An opportunity to become the State Cup Champions and then take on the pros would be a major boost to our local clubs. Imagine the pride if Goonellabah S.C., or another regionally based local club, were ever able to win the Australian Football Cup?

In later rounds all State League and APL Clubs would take part, giving the local club an FA Cup style chance to beat the professionals, while a National Cup for strictly amateur clubs would complement the broad based competition.

In know from my time in UK that an APL Club won’t relish the task of playing an amateur club on home soil with passionate home support and typically a playing surface that is below what the players are used to. Upsets abound and feed the hype and culture of the Cup Competition, making it a highlight of the football season at the grass roots level.

Let’s not forget, either, senior representative football which has also lapsed into decay. For the sake of regional areas we need to reintroduce senior amateur representative football so that the Lismore Senior Team, or its equivalent in the South of Tasmania for arguments sake, can match themselves against the State’s finest Representative sides.

There was a time when as a youngster I would join a packed crowd to cheer the Lismore Team taking on the region’s best and dream that I would be good enough to do likewise.

We need to give our regional players the chance to be selected for a higher level again, and make selection in a regional Representative team a source of great pride.
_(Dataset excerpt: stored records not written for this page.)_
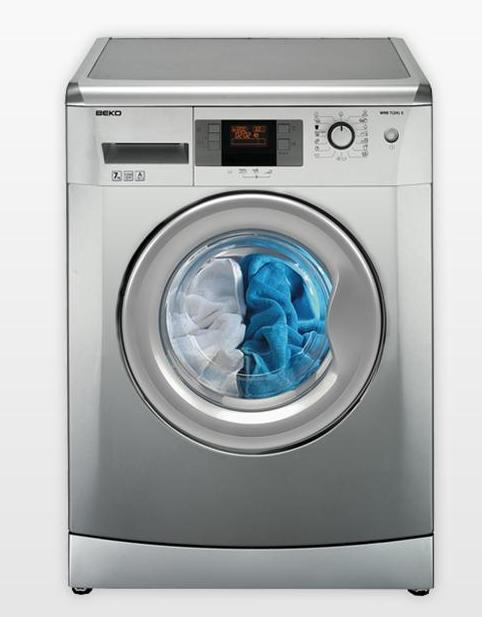 Beko WMB 71241 S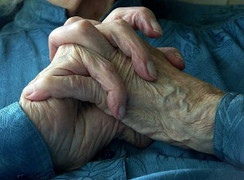 Tìm ra 'thuốc tiên' giúp trì hoãn tuổi già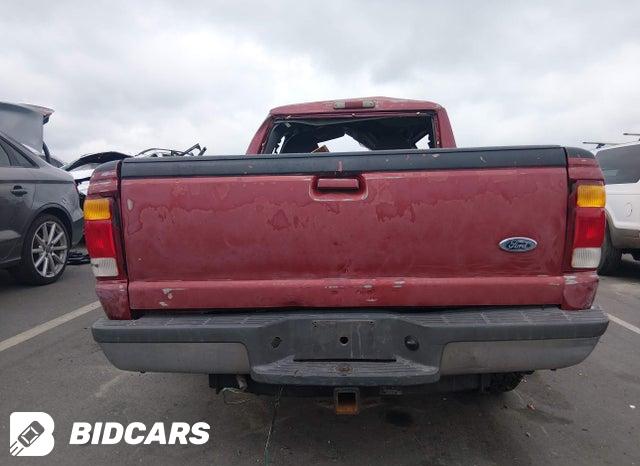 1FTYR14X6WTA31458 1998 Ford Ranger photo no. 15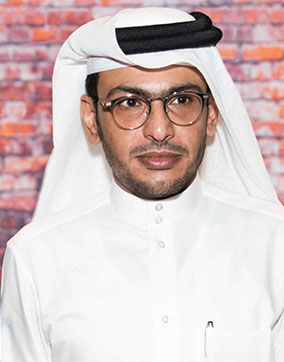 Sheikh Abdulrahman Al Thani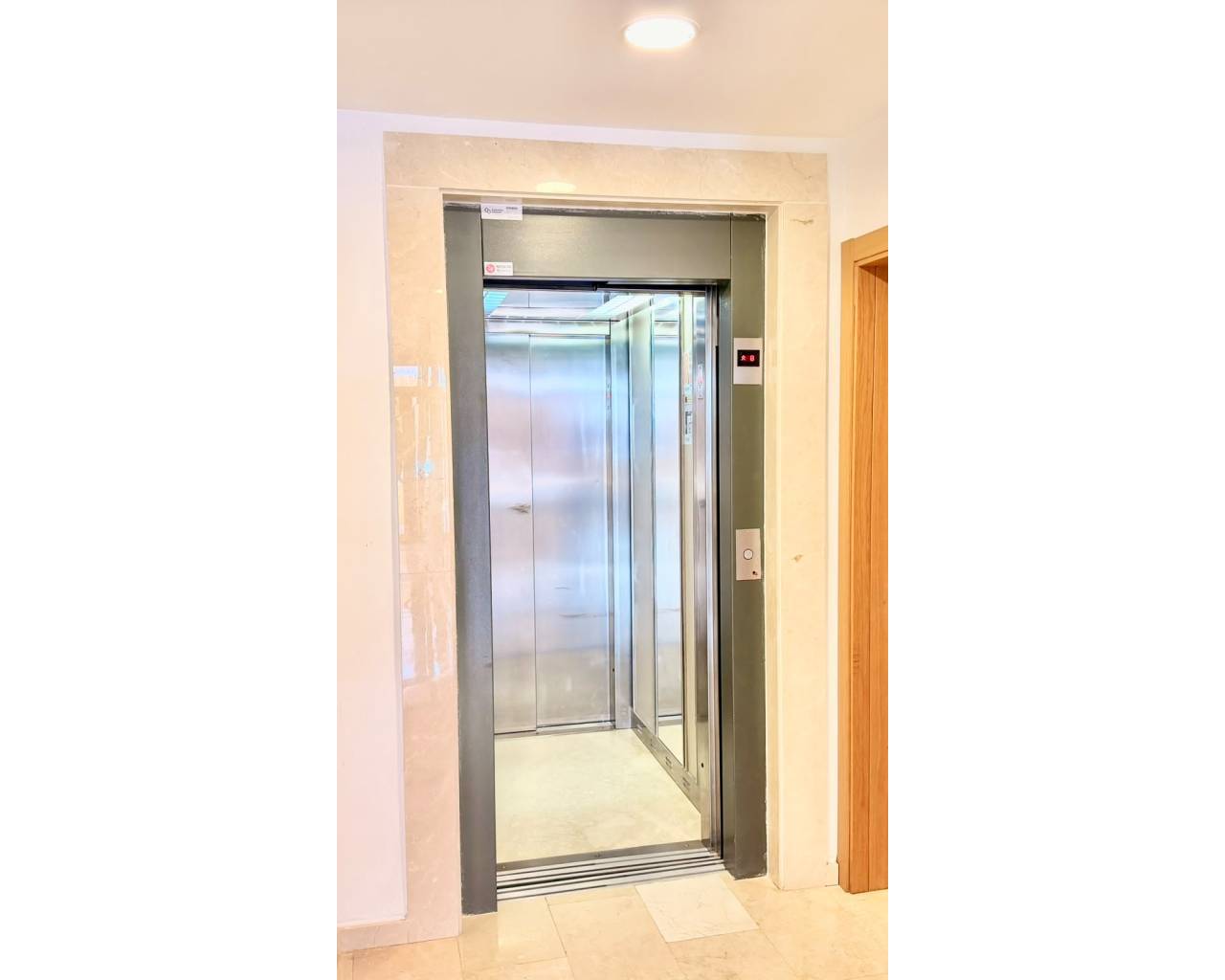 Venta - Apartamento - Javea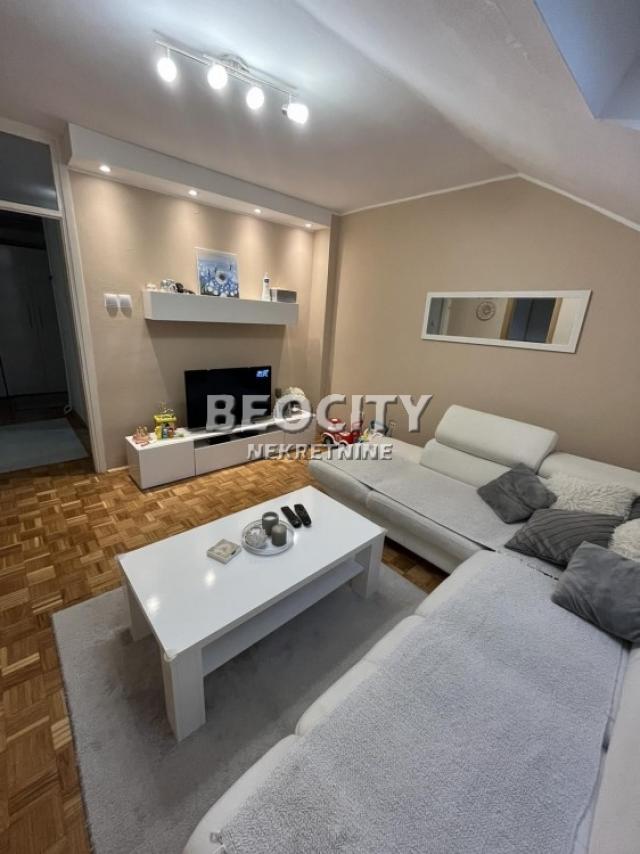 Novi Sad, Novo Naselje, Mileve Marić Ajnštajn, 1. 5, 38m2, 84000EUR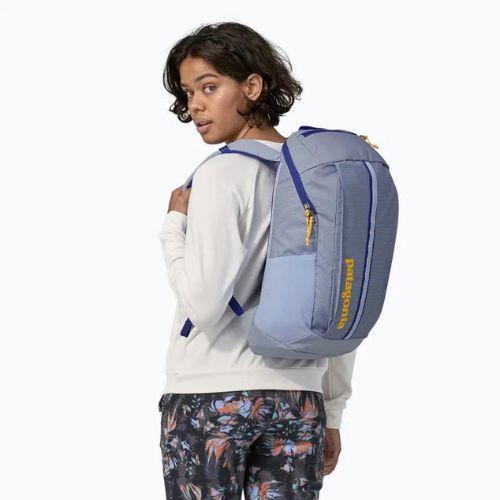 Туристичний рюкзак Patagonia Black Hole Pack 25 л блідий барвінок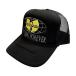 (u- язык * Clan ) Wu-Tang Clan официальный товар унисекс Forever Worldwide колпак сетка задний to лак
Again, the boost in the hundreds of regional areas who currently have no such opportunity would be incalculable.

Three simple concepts, an Australian Amateur Club Championship, an Australian Football Cup and Senior Representative football, all of which have been mooted before.

The difference is that through the too often neglected perspective of a football man at grass roots level the competitions are seen to solve major football issues while supplying significant assistance where it is most needed, at the local Club level.

The Crawford Report was largely about the sport engaging the grass roots participants by giving them a say in the ongoing administration. Armin Sandmann is not alone in believing that we must also support them with meaningful competitions to strengthen the player, supporter and community connections with the game.

Now that makes sound strategic sense.